Through association Jesus started and ended his earthly ministry stating, “Follow me” and “I am with you always”. ‘He was his own school and curriculum.’ [p.41] People flocked and listened to him. He becomes ‘the way and the truth and the life’ (John 14:6). The successes of today’s disciple approach modelled after Jesus training methods is based on informal training, which ‘contrast to the formal, almost scholastic procedures of the scribes.’ ‘Jesus asked only that his disciples follow him.’ [p.41] This calling of associating with Jesus was indifferent ‘in terms of laws and dogmas’ uphold by ’religious teachers insisted on their disciples adhering strictly to certain rituals and formulas of knowledge which distinguished them from others.’ ‘His disciples were distinguished, not by outward conformity to certain rituals, but by being with him, and thereby participating in his doctrine (John 18:19).’ [p.42]

The biblical concept of having a ‘group of believers’ that became the body of Christ whom ‘ministered to each other individually and collectively’ on a continuous basis slacken considerably in the modern church due to a lack of association.
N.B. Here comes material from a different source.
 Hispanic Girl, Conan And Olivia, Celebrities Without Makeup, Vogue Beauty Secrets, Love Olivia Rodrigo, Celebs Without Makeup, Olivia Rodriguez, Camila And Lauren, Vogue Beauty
This ideal New Testament Christian practice now embodies the heart and soul of the disciple approach. ‘Every member of the community of faith had a part to fulfil in this ministry.’ [p.48]
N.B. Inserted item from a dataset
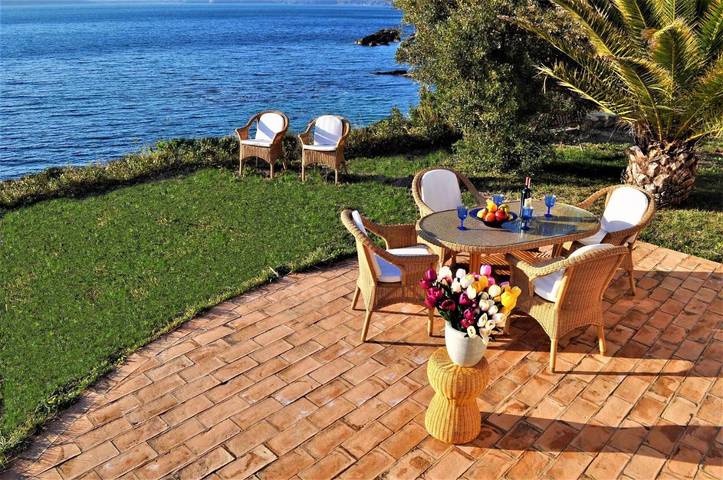 Villa per 8 persone, con Terrazza e Giardino nonché Panorama a Morcone (Capoliveri)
The element of association plays a vital role within the fellowship. An uninspired church is dead when people lost the ability to make disciples themselves. People are trained and inspired by ‘trained disciplers’ who aspire to become trained disciplers. This concept of reproduction according to the disciple approach is observed in the following way. ‘As long as Jesus was with them in the flesh, he was the Leader, but thereafter, it was necessary for those in the church to assume this leadership. Again this meant that Jesus had to train them to do it, which involved his own constant personal association with a few chosen men.’ [p.48]
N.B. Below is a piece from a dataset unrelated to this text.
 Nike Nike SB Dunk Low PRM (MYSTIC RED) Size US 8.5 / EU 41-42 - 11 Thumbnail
The modern church lacks a personal guardian concern because people are trained to become distant through the follow-up system it has adopted whether it may be confirmation classes, parents and friends help, worship services or membership training classes. What is lacking for ‘the rest of the time the young convert [and mature member] has no contact with a definite Christian training program’. The disciple approach argues that ‘Jesus the Son of God, found it necessary to stay almost constantly with his few disciples for three years, and even one of them was lost, how can a church expect to do this job on an assembly line basis a few days out of the year?’

Therefore they caution that a prerequisite for ‘whatever method of follow-up the church adopts, it must have as its basis a personal guardian concern for those entrusted to their care. To do otherwise is essentially to abandon new believers to the devil.’ A ‘Christian friend’ is assigned to ‘every convert’. The personal guardian is known as ‘trained disciplers’ or ‘committed councelors’. A system whereby the counsellor ‘should stay with the new believer as much as possible, studying the Bible and praying with him or her, all the while answering questions, clarifying the truth, and seeking together to help others.’ Observation ends when the new convert ‘can lead another’. Nothing can be accomplished through this system if leaders are disobeyed. ‘A father must teach his children to obey him if he expects his children to be like him.’ [P.58]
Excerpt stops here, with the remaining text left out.